Svetlana, 28 Jahre alt

Ich habe Kritiken von denen gelesen, die die Operation überlebt haben. Mädchen, wenn Ihnen Ihre Gesundheit am Herzen liegt, wählen Sie einen Laser. 6 Jahre sind seit der Operation vergangen. Ich habe keine negativen Konsequenzen. Der Eingriff selbst ist schmerzfrei, zu Hause war es schon abends. Danach gebar. Mein Arzt sagt, dass ich ihn nicht so oft aufsuchen muss, es gibt keinen Rückfall, alles ist in Ordnung. Ich empfehle diese Methode.

Wer die Ausbildung noch nicht gelöscht hat, kann sich über meine Erfahrungen informieren. Als ich vor 12 Jahren zum ersten Mal auf den OP-Tisch kam, konnte ich mich nach einem Kratzen lange nicht mehr erholen und wurde von starken Schmerzen gestört. Das Ergebnis ist eine Wiederholungsoperation nach 11 Monaten. Weniger als ein Jahr, wieder an der Operation. Vor drei Monaten fanden sie bei einer Routineinspektion einen weiteren Polypen. Ich hatte angst Aber jetzt kann ich sagen, dass es Fortschritte in der Gynäkologie gibt. Alles lief gut, keine Schmerzen, keine Blutungen. Nach einer Hysteroskopie wachte ich auf der Station auf und wurde zwei Tage später nach Hause entlassen. Alle meine Ängste waren vergebens, die Medizin wurde menschlich und sicher. Ich hoffe, dass ich keinen Rückfall mehr erleben werde.
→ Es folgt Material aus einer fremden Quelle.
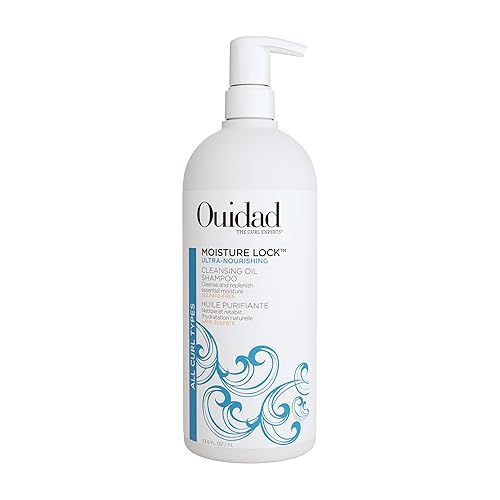 Ouidad Moisture Lock Ultra Nourishing Cleansing Oil Shampoo for Curly Hair - 33.8 fl oz, Rehydrates Dry, Damaged Curls, Color Safe Shampoo, For Women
Polyp während der zweiten Schwangerschaft gefunden. Ich hatte große Angst, ich hatte Angst vor allem: ein Kind zu verlieren, Komplikationen während der Geburt, die Operation selbst. Vielen Dank an meinen Arzt, der auf Hysteroskopie bestand. Im Operationssaal verbrachte ich genau 15 Minuten (ich hatte Glück, der Polyp war am Bein, er wurde nur abgeschraubt). Der Ton der Gebärmutter normalisierte sich, als die Zeit gekommen war, und brachte sich selbst zur Welt.

Kosten von

Patienten, die sich einer Operation unterziehen müssen, sind in der Regel an deren Preis interessiert. In diesem Fall ist es wichtig zu verstehen, dass mehrere Faktoren gleichzeitig die Kosten beeinflussen. Finden Sie heraus, wie viel die Entfernung für Ihren Arzt am einfachsten ist. Er kennt das Ausmaß der Pathologie und die Möglichkeiten seiner Klinik bei der Wahl der Operationsmethode genau.

Die Preispolitik finden Sie im Internet. Besuchen Sie einfach mehrere Websites, um die Standardpreise für die gewünschte Methode zu vergleichen.

Wir geben einige Zitate. Folgende Preise gelten für unterschiedliche Methoden in Privatkliniken:

  • Diagnostik mit einem Hysteroskop - von 5 bis 15 Tausend Rubel.
  • Bauchentfernungsoperation - von 9 bis 25 Tausend Rubel;
  • Schaben - von 5 bis 7 Tausend Rubel;
  • Laserentfernung - von 11 bis 36 Tausend Rubel.

Der Preis für Operationen in privaten Kliniken und medizinischen Zentren hängt vom Status, der Qualifikation des Operateurs und der Ausstattung ab. Sowie die Komplexität der Operation, die Kosten für den Aufenthalt im Krankenhaus. Die Kosten für die gleichen Dienstleistungen können in den Regionen variieren, auch innerhalb derselben Stadt finden Sie Krankenhäuser mit unterschiedlichen Preisniveaus. In staatlichen medizinischen Einrichtungen ist die Operation kostenlos. Gleichzeitig kann es jedoch zu einer großen Warteschlange für chirurgische Eingriffe kommen. Wenn der Krankheitsverlauf nicht bedrohlich ist und der Tumor nicht fortschreitet, können Sie die Entfernung auf den angegebenen Zeitraum verschieben. Es ist jedoch notwendig, von einem Frauenarzt überwacht zu werden. Im Falle einer drohenden Entwicklung kann eine Operation für Notfallanzeigen durchgeführt werden. Oder bieten Sie dem Patienten an, sich in einer Privatklinik behandeln zu lassen.